À ce titre, je rappelle que le traité de Lisbonne est caduc, ne vous en déplaise, puisque l’Irlande l’a rejeté à plus de 54 %, comme les peuples français et néerlandais avaient rejeté en 2005 le traité constitutionnel. Pourtant, les documents budgétaires continuent d’évoquer les conséquences d’une ratification prochaine. Il s’agit là d’un véritable déni de démocratie. Ce traité, par ailleurs, ne s’illustrait pas franchement par sa grande ambition de démocratisation des institutions ! Ainsi, le droit d’initiative législative, y compris budgétaire, était toujours refusé au Parlement européen.
Par ailleurs, ce projet de budget ne tient absolument aucun compte de la crise économique et sociale que nous traversons ! Pourtant, comment ne pas reconnaître que le cadre des prévisions pluriannuelles couvrant la période 2007-2013 est obsolète et que, dès à présent, c’est-à-dire, y compris dans les choix budgétaires, il convient de réorienter les politiques européennes vers l’économie réelle ? Je rejoins ainsi, une fois n’est pas coutume, certaines préoccupations exprimées par M. le rapporteur général.
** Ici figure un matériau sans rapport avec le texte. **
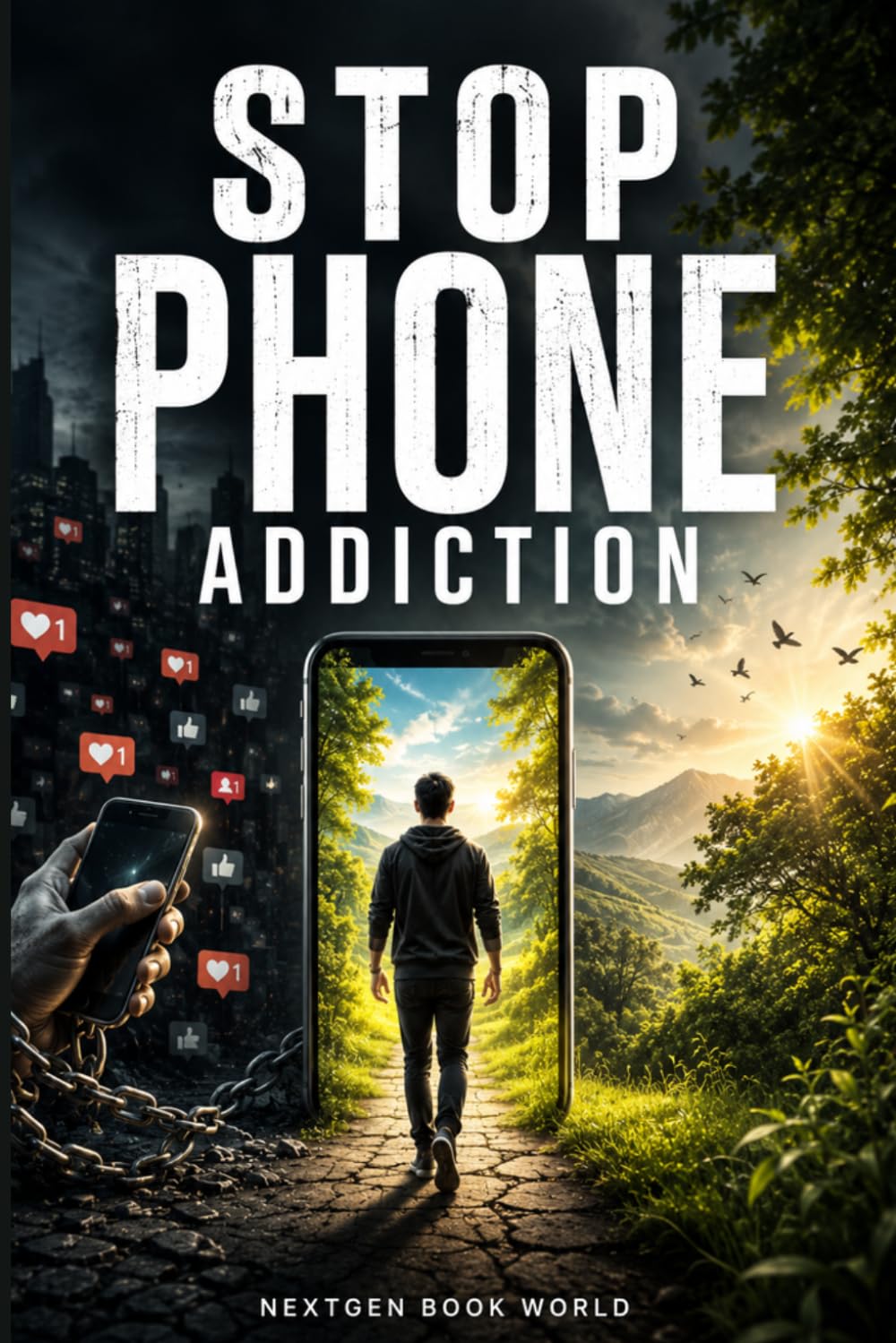 STOP PHONE ADDICTION: Reclaim Your Time, Attention & Life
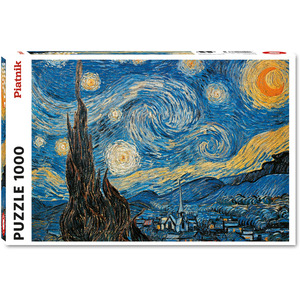Van Gogh Starry Night 1000 Piece Jigsaw Puzzle
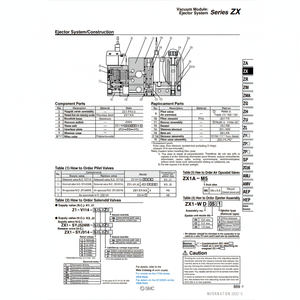 ZX1-WD053ประกอบเครื่องปล่อยอากาศด้วยระบบนิวเมติกส์อุตสาหกรรม - Product Image 1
La crise trouve ses fondements dans l’application des politiques économiques et monétaires libérales incarnées au niveau européen par le pacte de stabilité, la marchandisation de toutes les activités humaines ou bien encore l’indépendance de la Banque centrale européenne.
En un demi-siècle d’existence, l’Union européenne n’a eu qu’un seul objectif : l’achèvement du marché intérieur entièrement libéralisé. Le projet politique n’est donc pas celui d’une Europe des peuples, mais c’est celui d’une Europe de la finance où la circulation des capitaux ne subit aucune entrave, celui d’une Europe libéralisée où les actionnaires décident seuls des politiques industrielles.
Pour cette raison, nous appelons régulièrement de nos vœux la réorientation des politiques européennes dans le sens d’une solidarité renforcée entre les pays membres et d’un projet commun soucieux du progrès partagé permettant d’allier performance économique, sociale et environnementale. Le projet que vous nous proposez ne va pas dans ce sens.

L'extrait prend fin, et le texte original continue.